Top of TASK MATERIAL
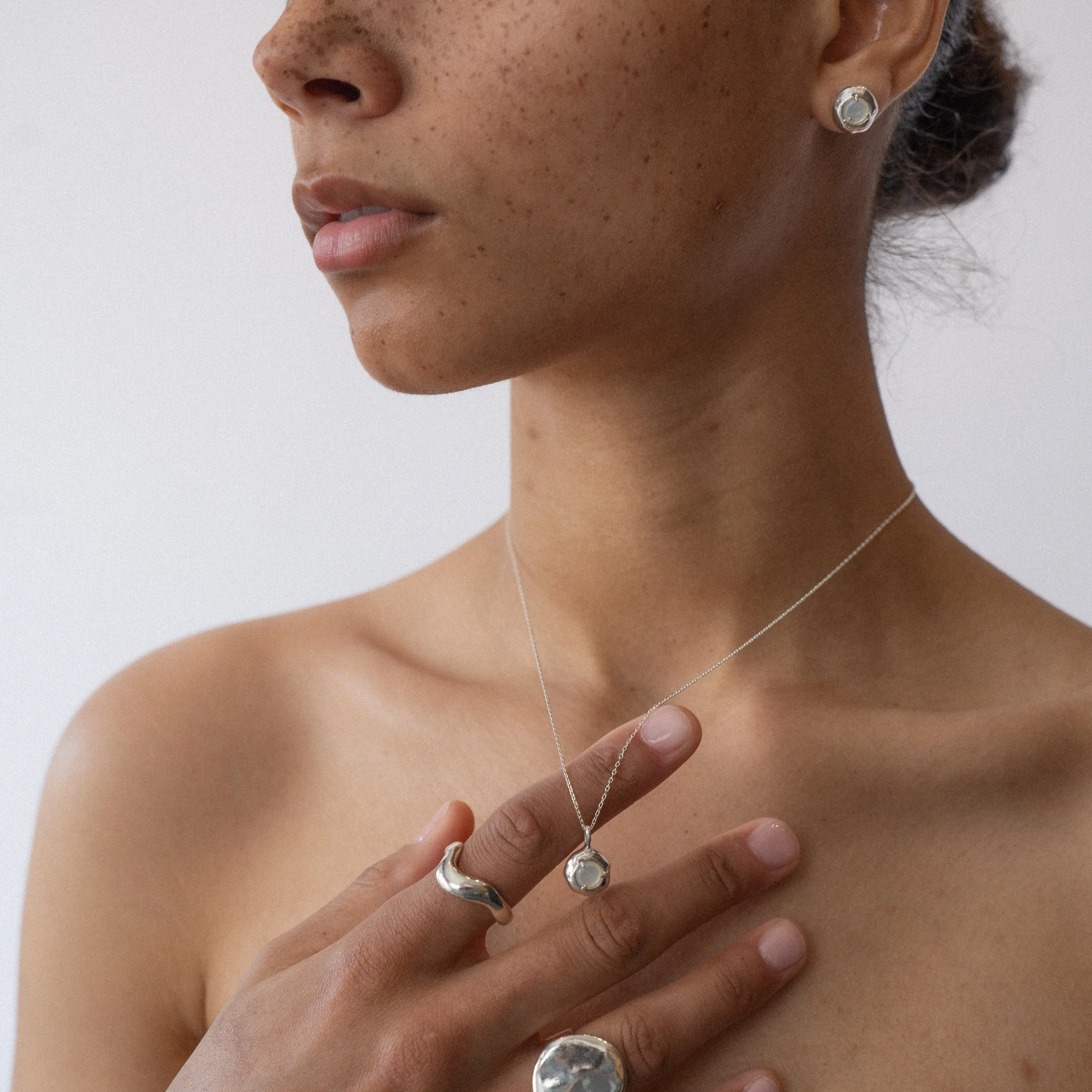 Keeper Necklace | Silver   Mother of Pearl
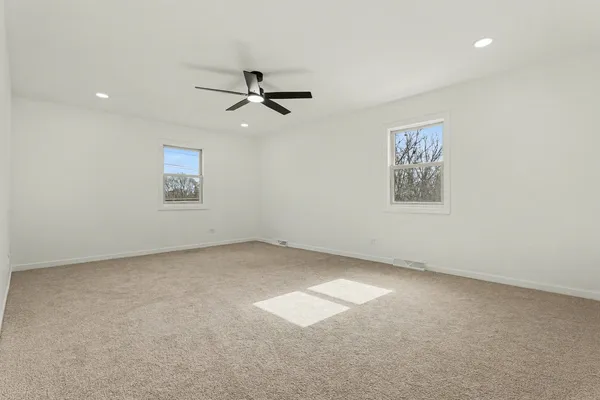 $484,900 | 3002 North Maple Tree Lane, Wadsworth, IL 60083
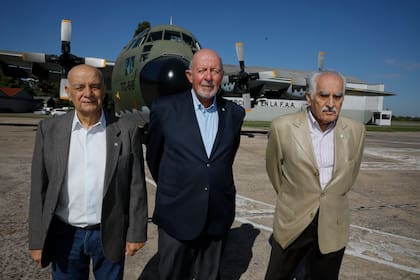 Alberto Vianna, Roberto Cerruti y Andres Valle, pilotos del primer Hércules C130 (el TC68) que aterrizó en Malvinas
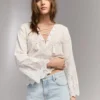 Blusa com detalhes em renda Blusa com detalhes em renda
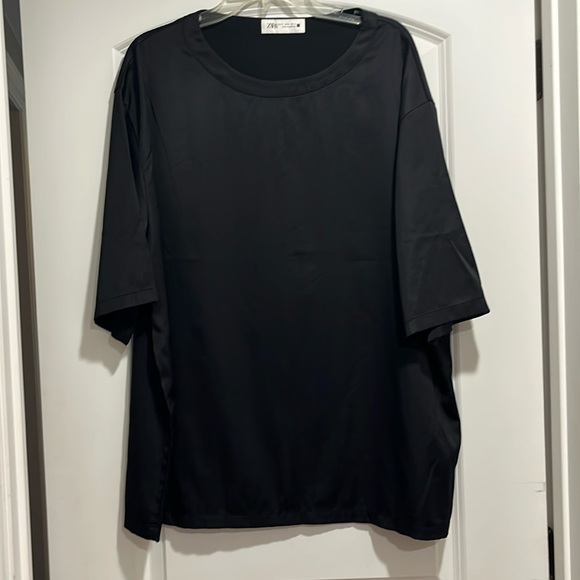 Zara Tops - Zara Black T-Shirt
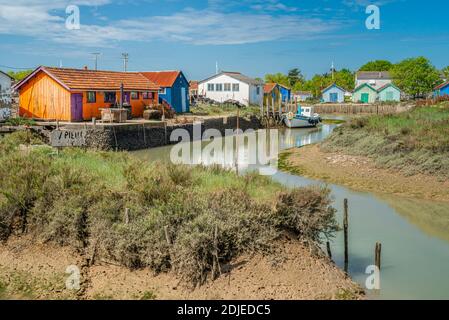 Capanne di allevamento di ostriche sul molo del porto a Oléron Island, Charente Maritime, Francia Foto Stock
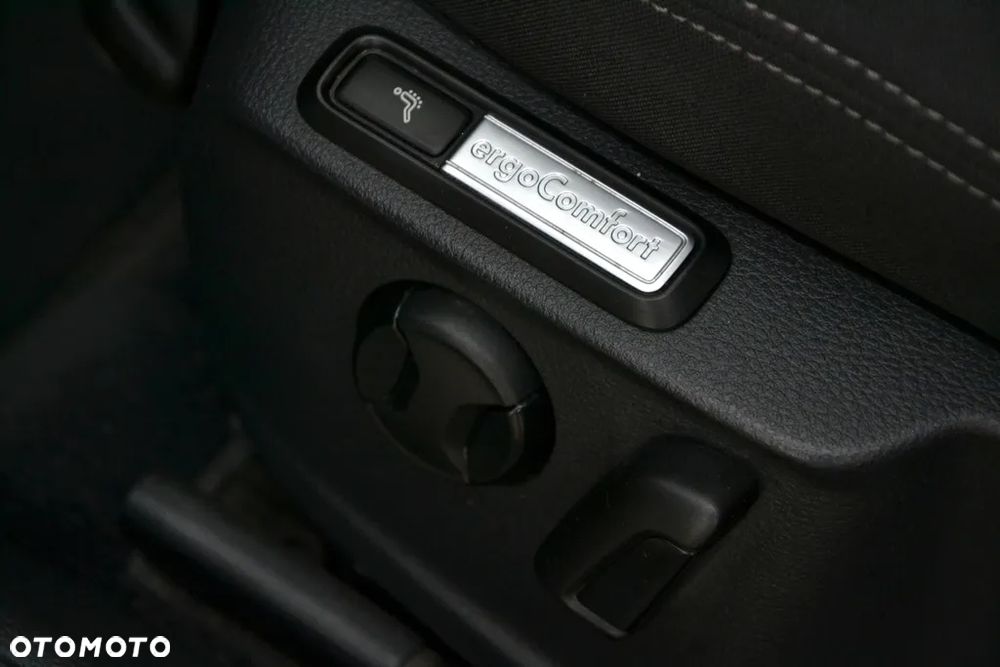 Volkswagen Passat Variant 1.8 TSI BMT Comfortline DSG - 22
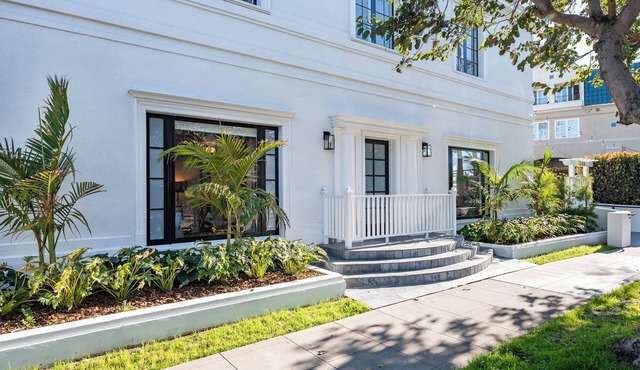 Coronado Crown Villas | Yard & Hot Tub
Bottom of TASK MATERIAL
### WHAT IS EXPECTED
With the pictures removed, write out exactly the lines from the line containing "Volkswagen Passat Variant" through the last line of the material above, both included.

### EXPECTED ANSWER
 Volkswagen Passat Variant 1.8 TSI BMT Comfortline DSG - 22
 Coronado Crown Villas | Yard & Hot Tub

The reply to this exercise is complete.